Une décision "difficile" mais "courageuse" de la majorité
Invitée de La Matinale lundi, la conseillère aux Etats et vice-présidente du PLR Suisse Johanna Gapany a estimé que la réforme AVS 21, acceptée par une courte majorité de la population, constitue un "changement difficile mais nécessaire" pour renforcer le pilier de l'AVS. La Fribourgeoise a salué une "décision courageuse" et "solidaire". Selon elle, la gauche a essayé de diviser la population lors de la campagne avec des arguments "simplistes".
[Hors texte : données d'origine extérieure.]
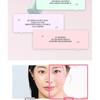 LABIOTTE Skin Enhancer Collagen Tone Up Cream - 3 Colors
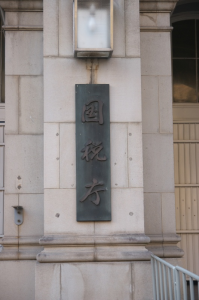 kokuzei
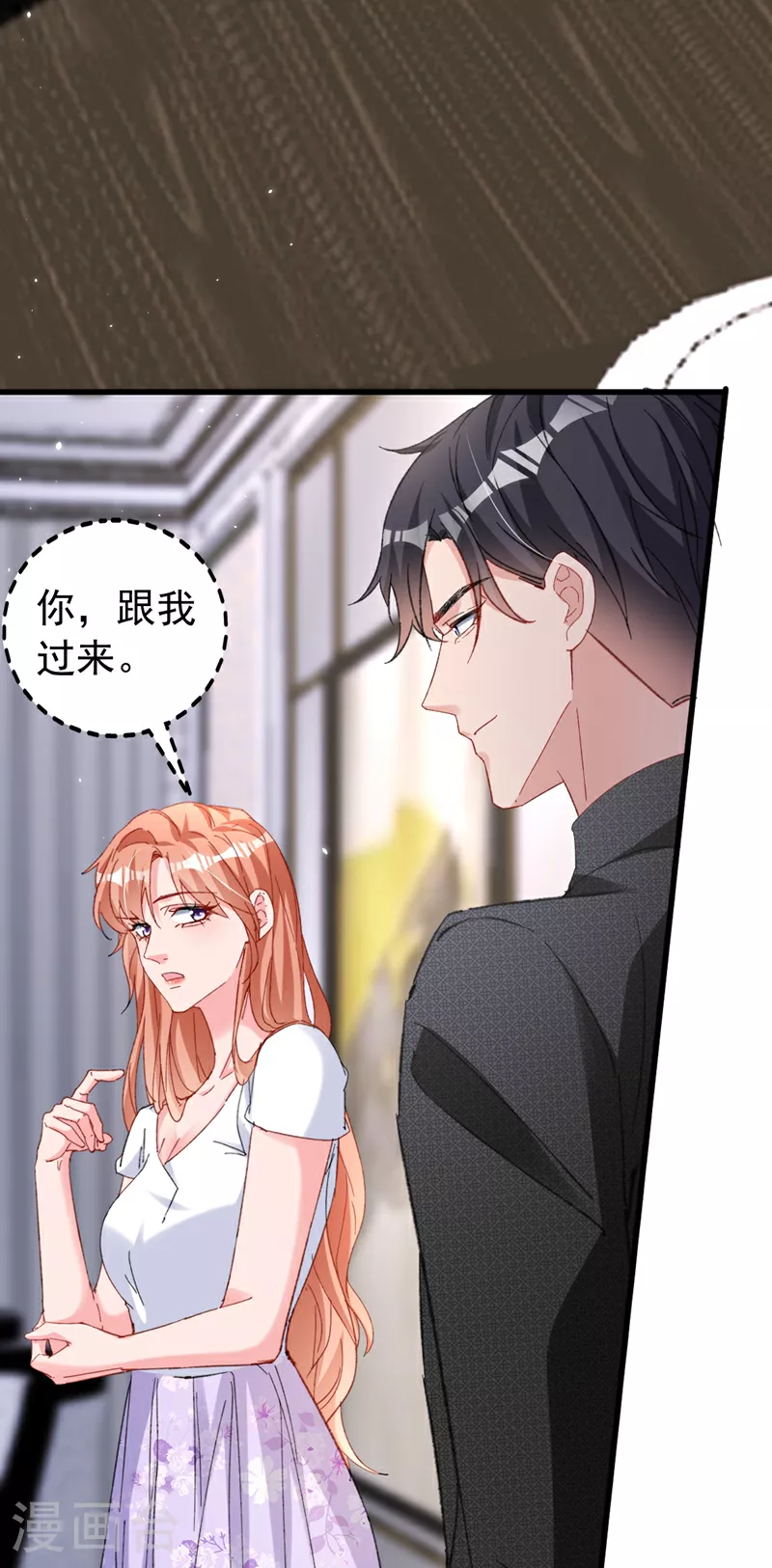 第166话 多多是你的私生子31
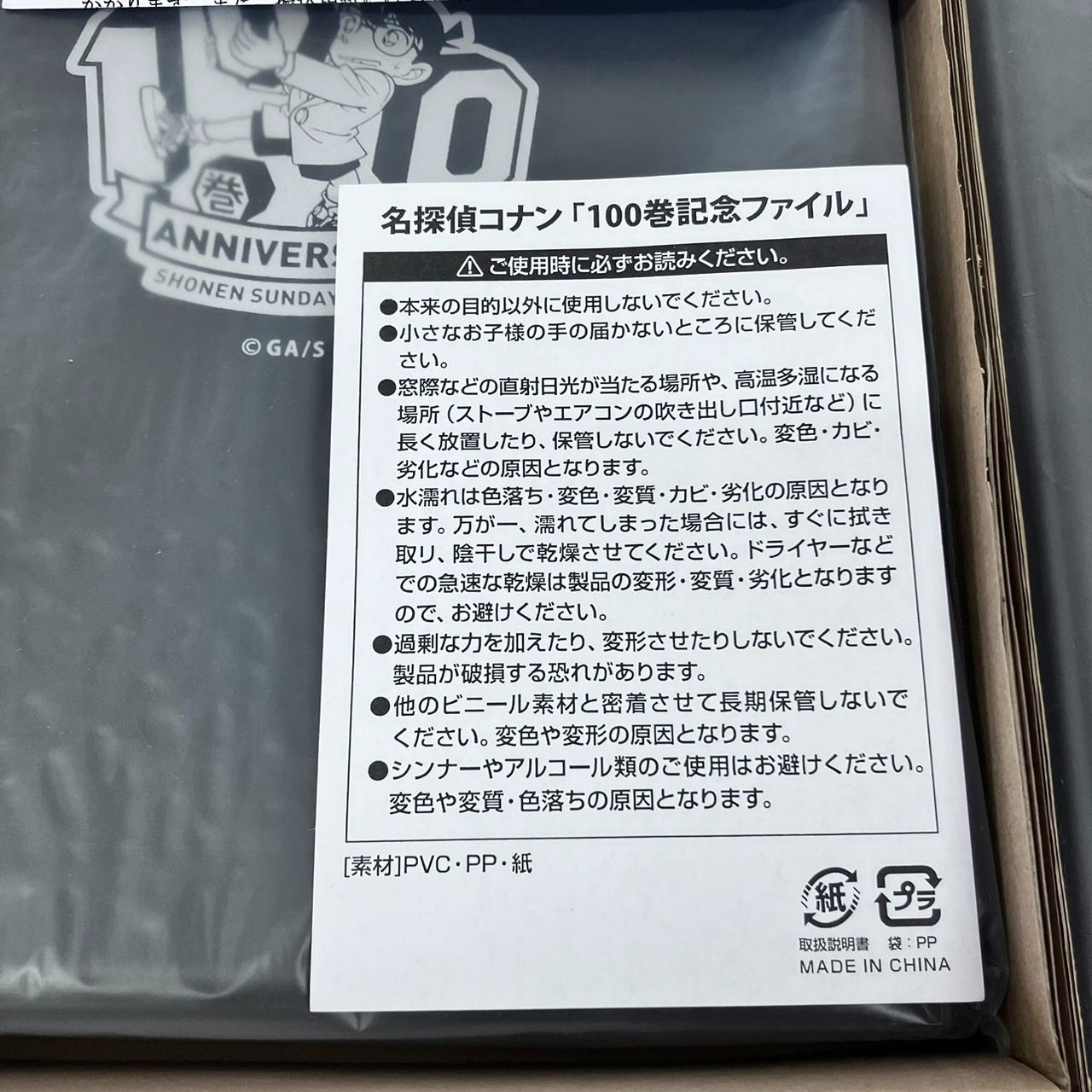 名探偵コナン 100巻記念ファイル 2個 まとめ セット / サンデーうぇぶり 定期購読者限定 A3 A4 金 銀 - メルカリ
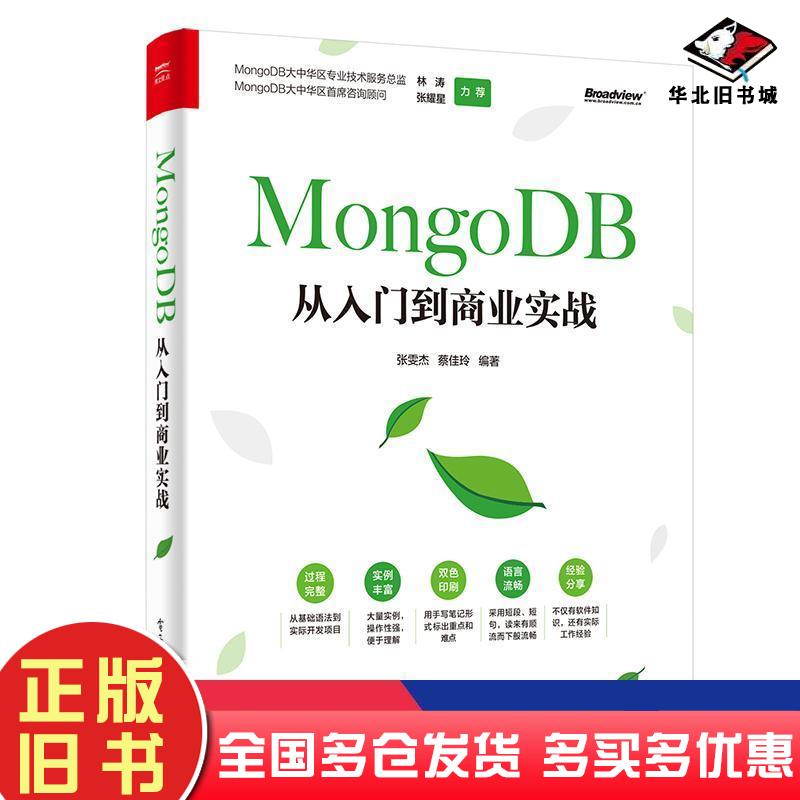 正版旧书MongoDB从入门到商业实战张雯杰蔡佳玲电子工业出版社9787121372247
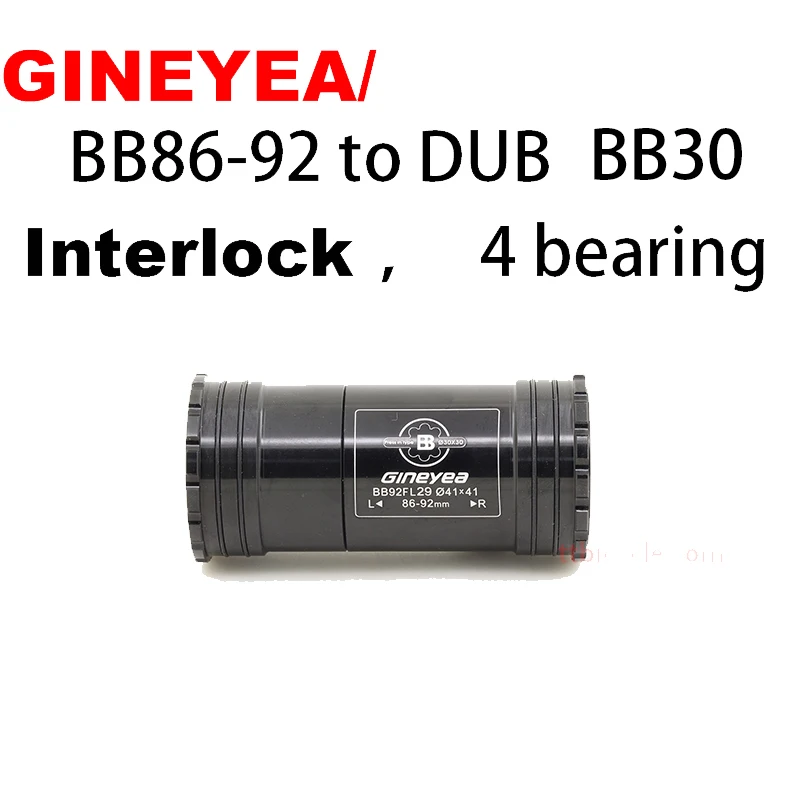 Кронштейны BB86 BB92DUB PF41DUB с 4 подшипниками для шоссейного велосипеда рама рамы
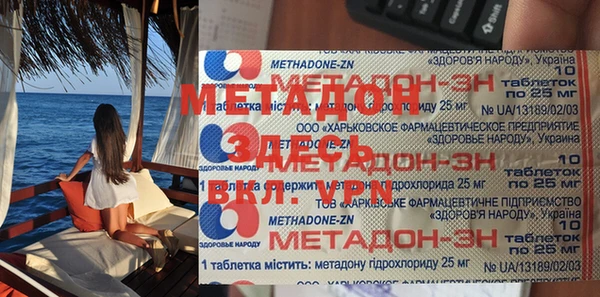 MESCALINE Алексин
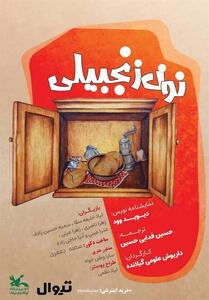  اجرای نمایش «نون زنجبیلی» در اردبیل - تسنیم
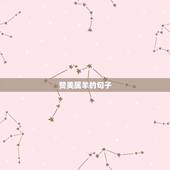 赞美属羊的句子， 91年属羊的人句子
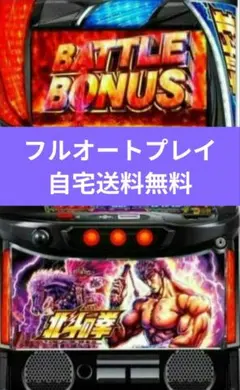 2025年最新】北斗の拳 実機 スマスロの人気アイテム - メルカリ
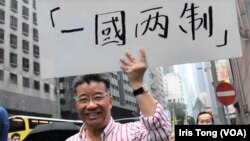 劉夢熊表示，今次釋法影響會延伸到國安法是否凌駕《基本法》， 對香港司法獨立會有深遠影響。(美國之音 湯惠芸)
Cette votation est une première étape vers une réforme de la LPP, discutée depuis quelques mois au Parlement et qui doit améliorer les rentes des femmes en particulier. "C'est là que nous avons la possibilité de vraiment faire la différence", a jugé la conseillère aux Etats. Selon elle, il est nécessaire de flexibiliser et consolider le système du 2e pilier.
Interrogée sur un relèvement à l'avenir de l'âge de la retraite à 66 ans pour tout le monde, comme le demandent les Jeunes PLR dans une initiative, Johanna Gapany a rappelé que les personnes qui partent à la retraite aujourd'hui "ne se posent pas tellement la question de quand elles la prennent, mais plutôt de comment elles la prennent". Les futurs débats sur les rentes devront prendre en compte les conditions de vie des travailleurs et travailleuses, a-t-elle ajouté.